Member of the Tamil Nadu Legislative Assembly
- Incumbent
- Assumed office 7 May 2026
- Chief Minister: C. Joseph Vijay
- Preceded by: M. Palaniyandi
- Constituency: Srirangam

Personal details
- Party: Tamilaga Vettri Kazhagam
- Parent: Srinivasan (father);
- Education: ARM College of Engineering and Technology, Maraimalai Nagar, Chengalpattu

= S. Ramesh (TVK politician) =

Indian politician (born 1994)

Srinivasan Ramesh (born 1994) is an Indian politician from Tamil Nadu. He is from the Tamil Nadu Legislative Assembly from Srirangam Assembly constituency in Tiruchirapalli district, as well as the current Minister for Hindu Religious and Charitable Endowments Department in Government of Tamil Nadu, representing Tamilaga Vettri Kazhagam.

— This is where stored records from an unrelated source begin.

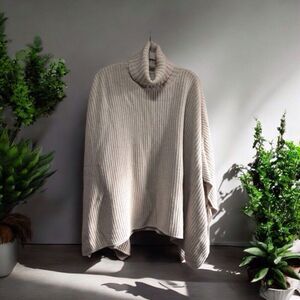 Ann Taylor Loft Poncho Womens M/L Italian Yarn Pullover Sweater Turtleneck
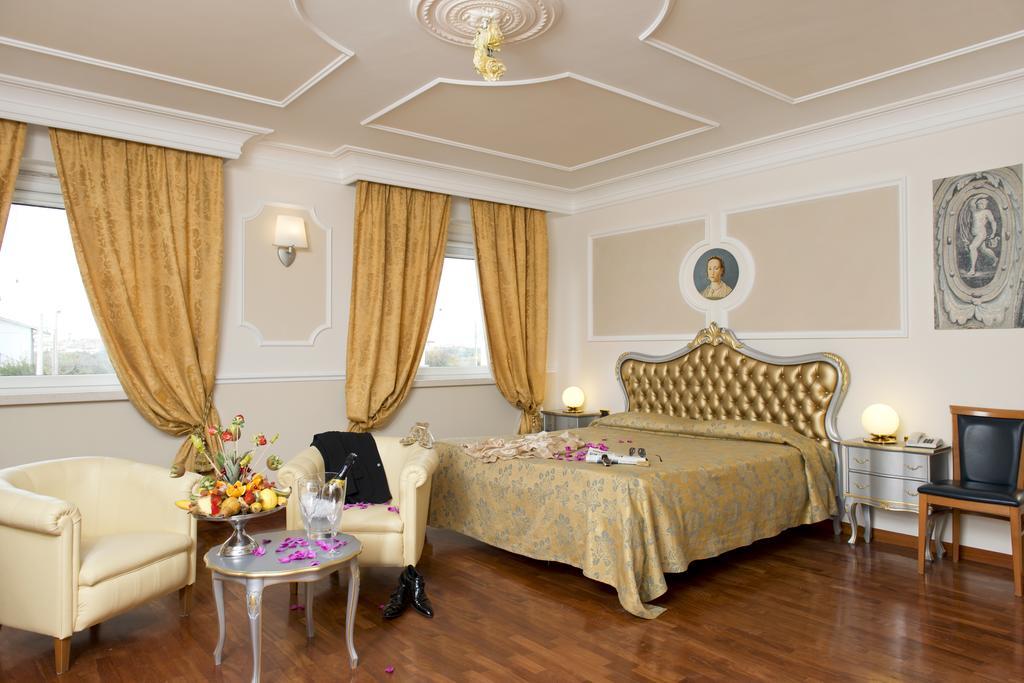 Hotel Villa Medici Rocca San Giovanni Ngoại thất bức ảnh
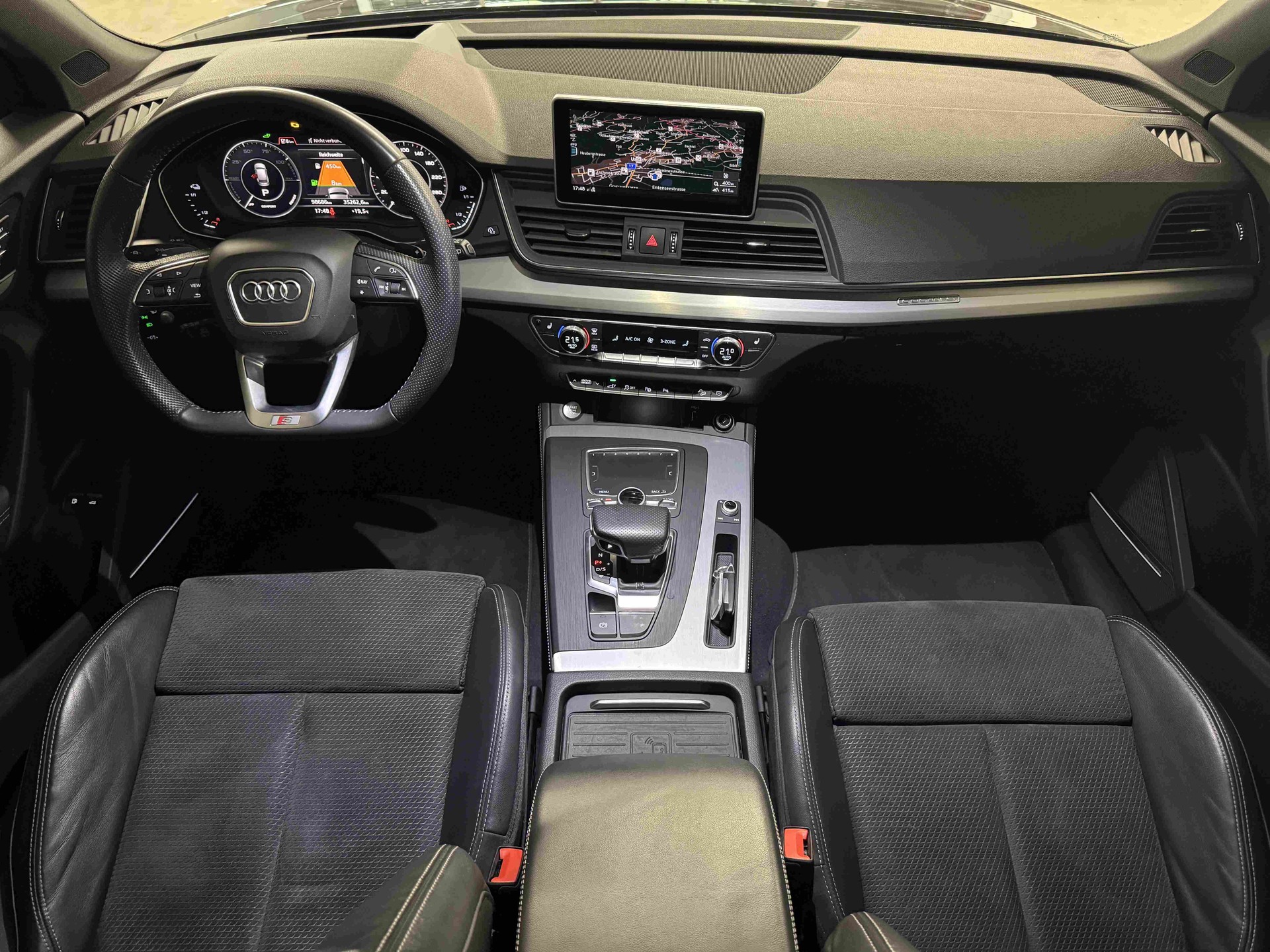 AUDI Q5 55 TFSI e sport quattro-image-9
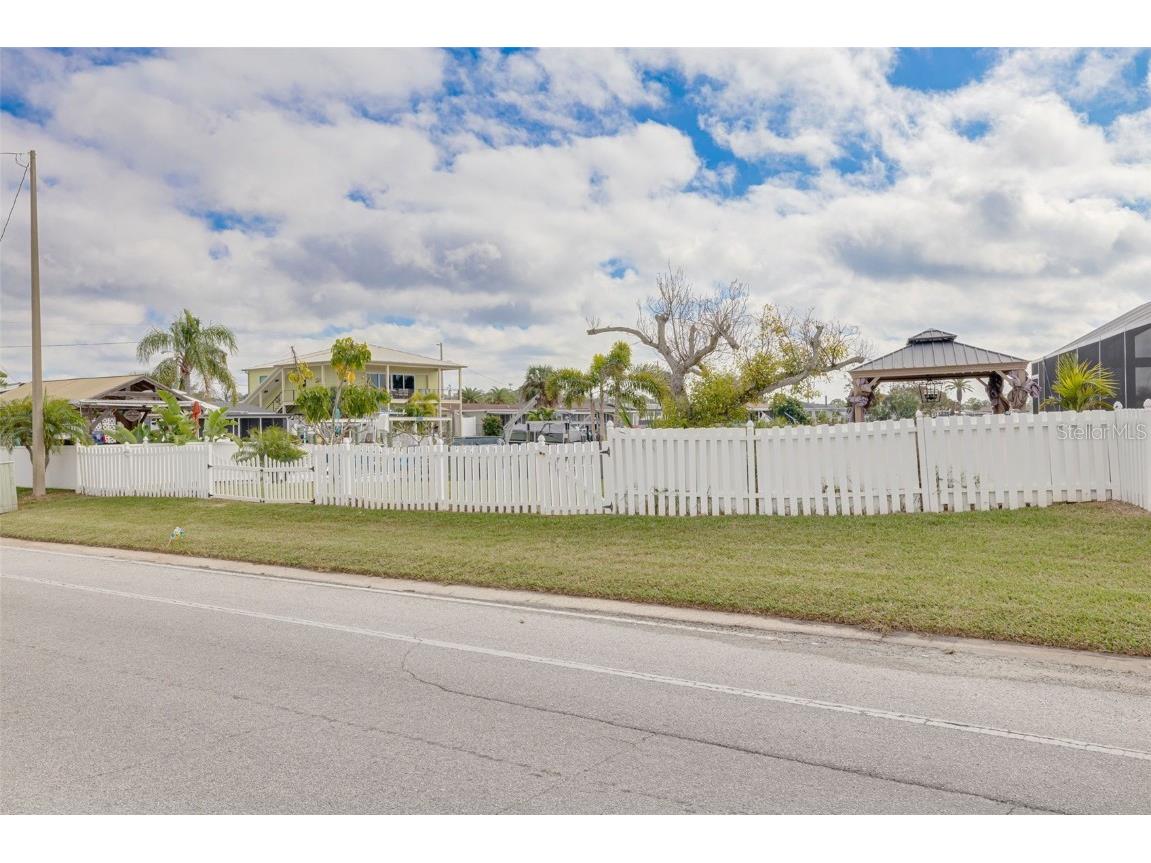 6606 Beach Boulevard Hudson FL 34667 W7881372 image44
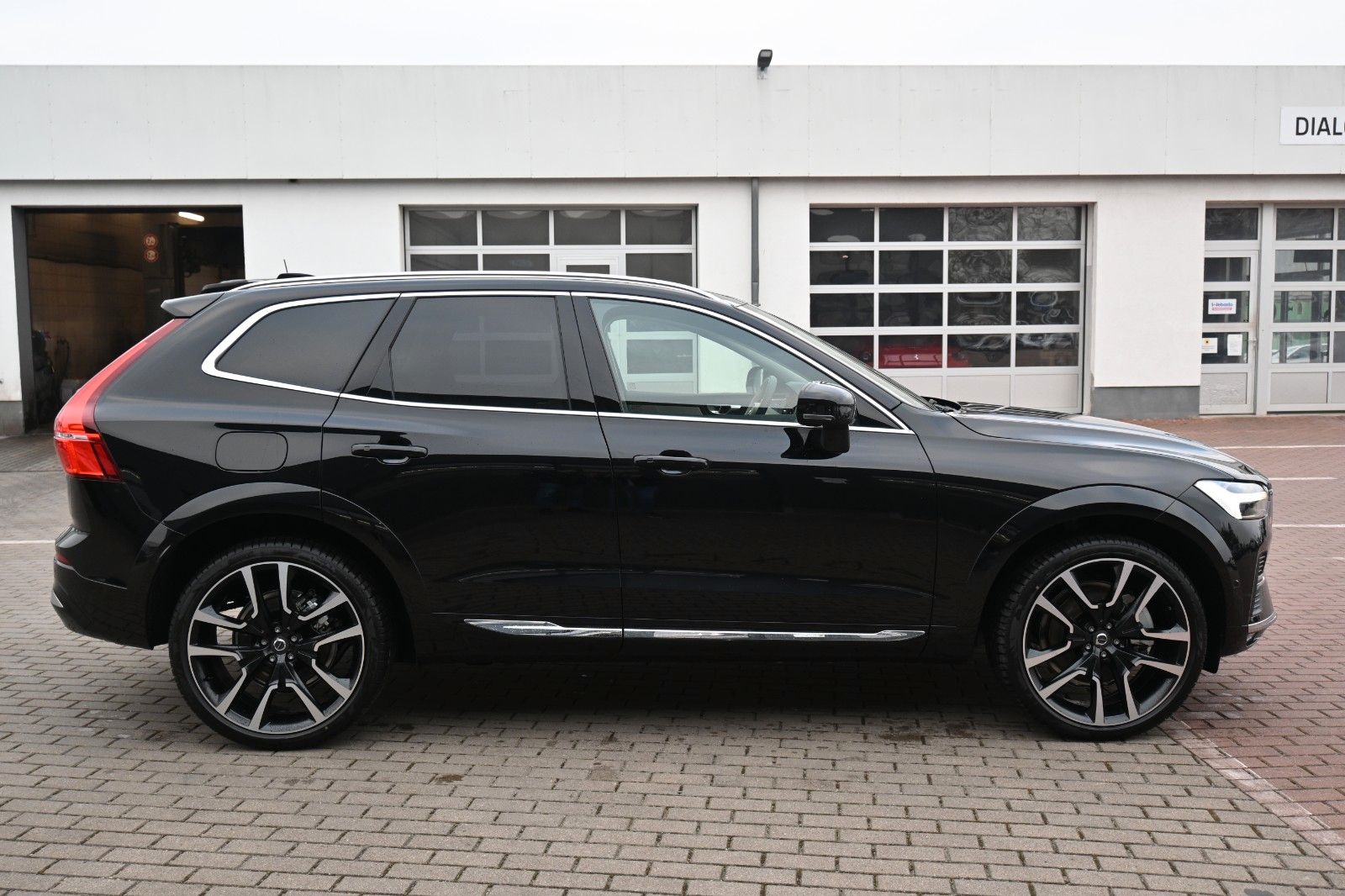 Fahrzeugabbildung Volvo XC60 B5 D AWD Ultimate Bright*STDHZG*360°*LUFT*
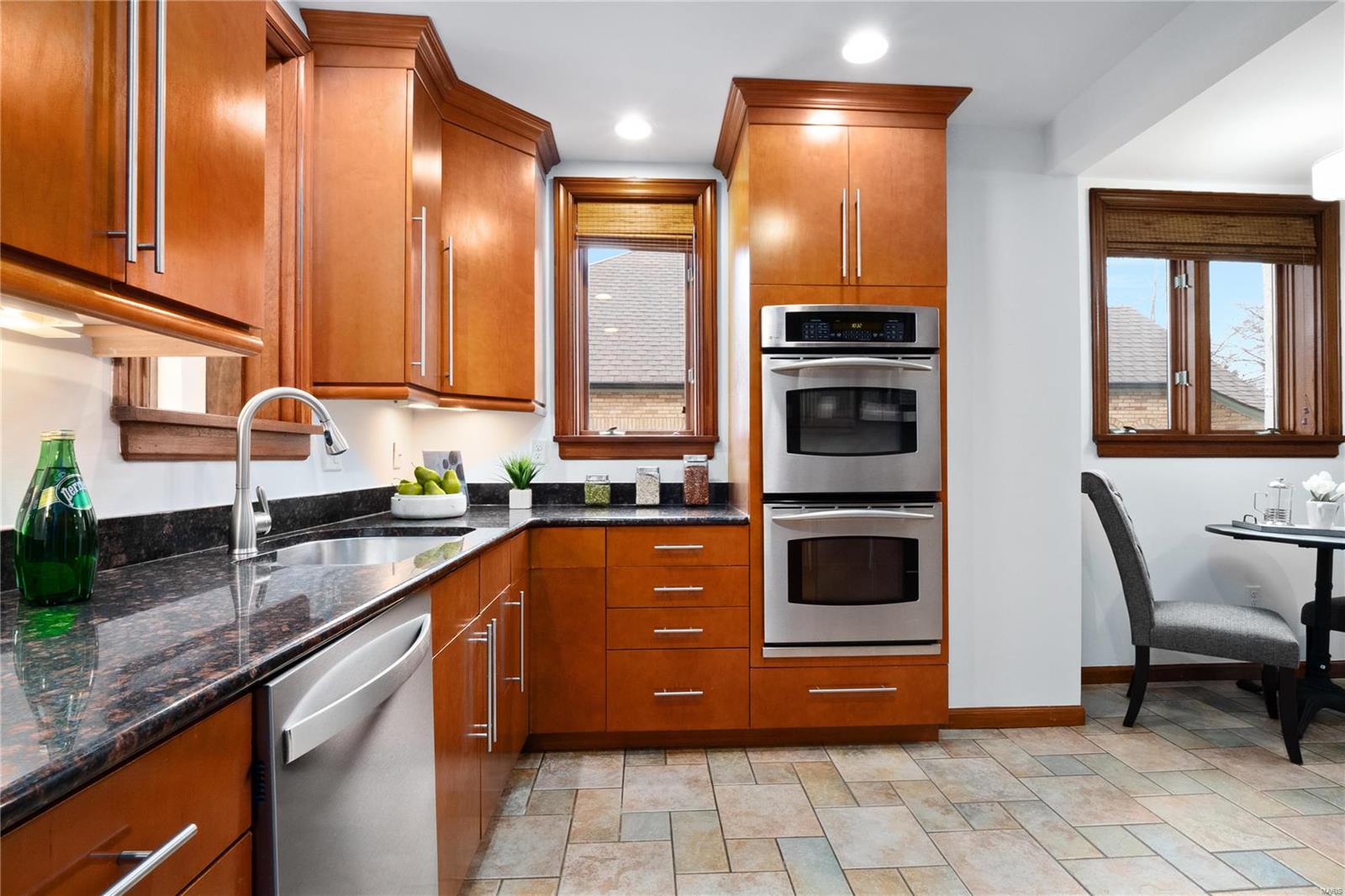 54 Broadview Drive Clayton, MO 63105 - Photo 11 of 38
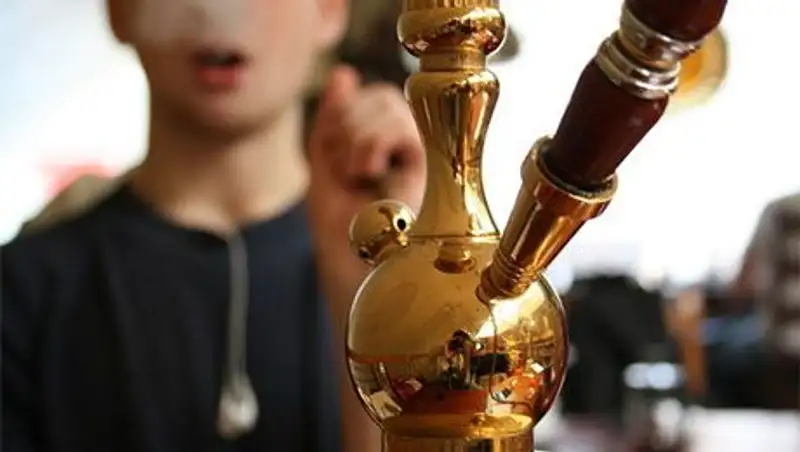 В Казахстане назревает новый вид эпидемии – курение кальяна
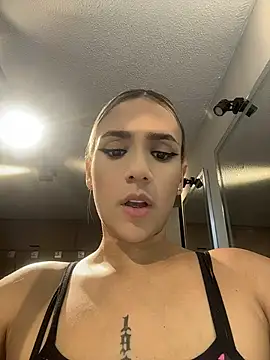 GabrielaPortmans online show from May 12, 2026, 1:47 am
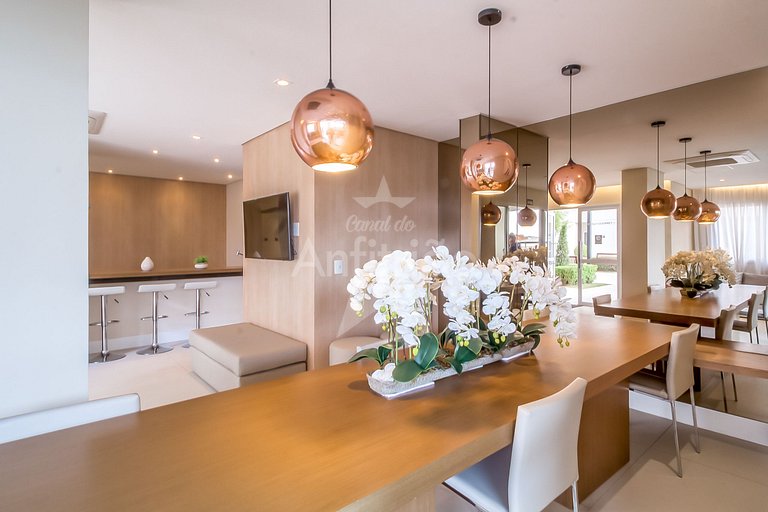 Brás com vista do 8º andar e vaga de garagem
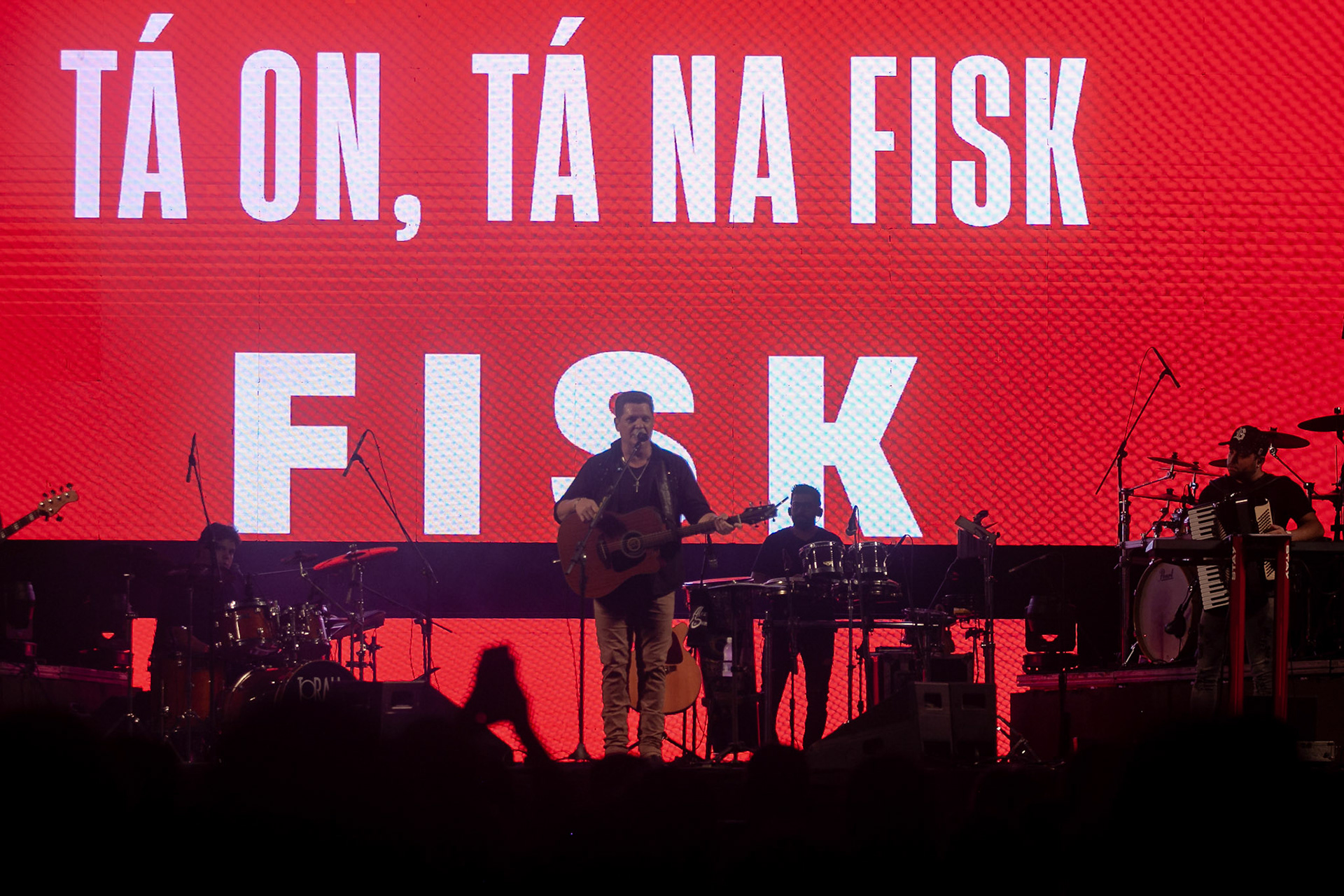 Apresentação do Show Ana Castela, no Estanciância Alto da Serra, Realização e divulgação da rádio Massa Fm, patriocinio Fisk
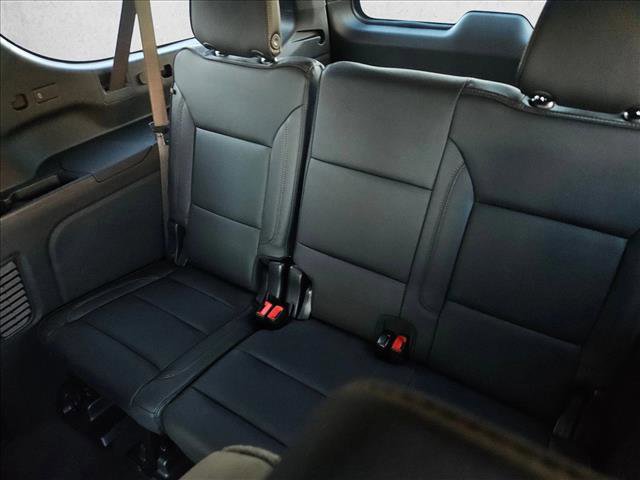 Certified 2025 Chevrolet Suburban High Country image 11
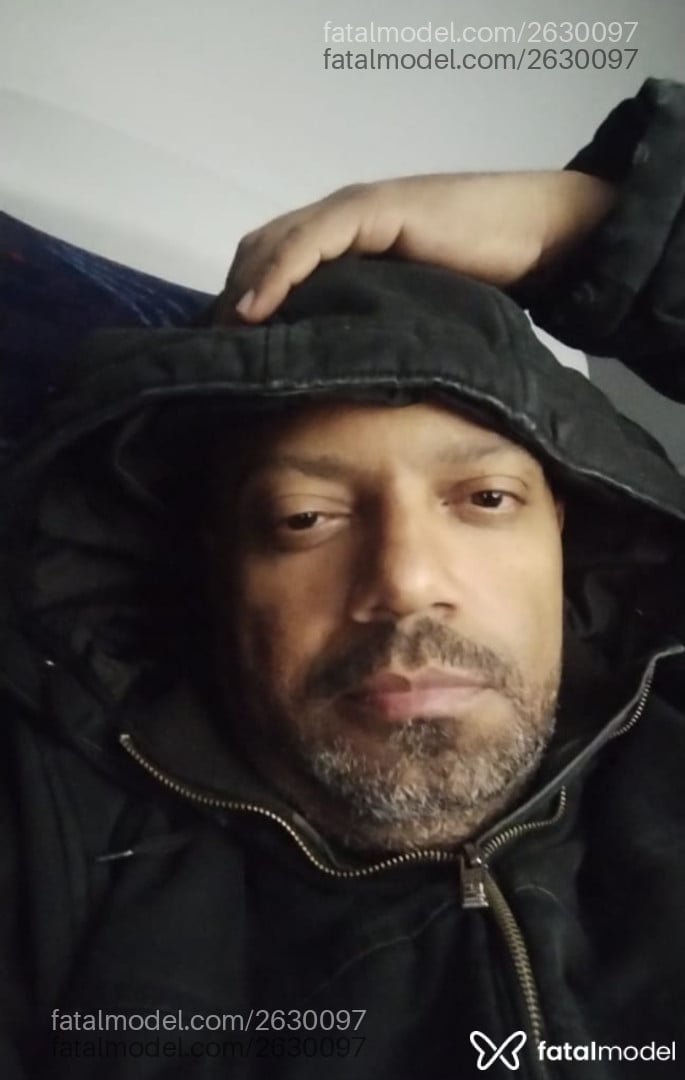 Acompanhante homem sem cabelo de olhos pretos em São Paulo - Paulo
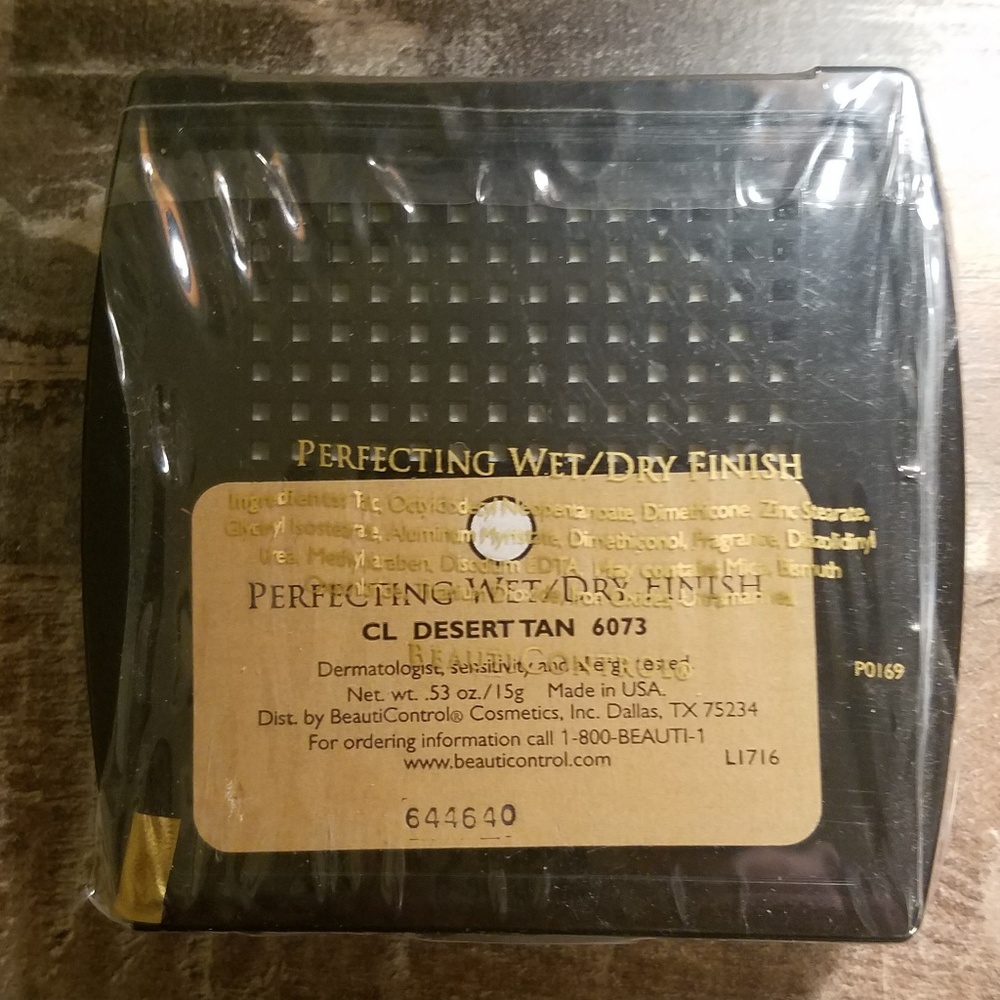 BeautiControl Perfecting Wet/Dry Foundation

== Early life and education ==

Ramesh is resident of Maraimalai Nagar, Chengalpattu, Tamil Nadu. He is the son of Srinivasan. He hails from a Tamil Thenkalai Iyengar Brahmin Family. He pursued his graduation from ARM College of Engineering & Technology, Maramalai Nagar in the year 2017.

== Political career ==

Ramesh was associated with actor Vijay's fan club Thalapathy Vijay Makkal Iyakkam, long before the launch of the actor's Tamilaga Vettri Kazhagam political party. He led grassroots-level mobilisation of youth cadre, constituency engagement and political communication.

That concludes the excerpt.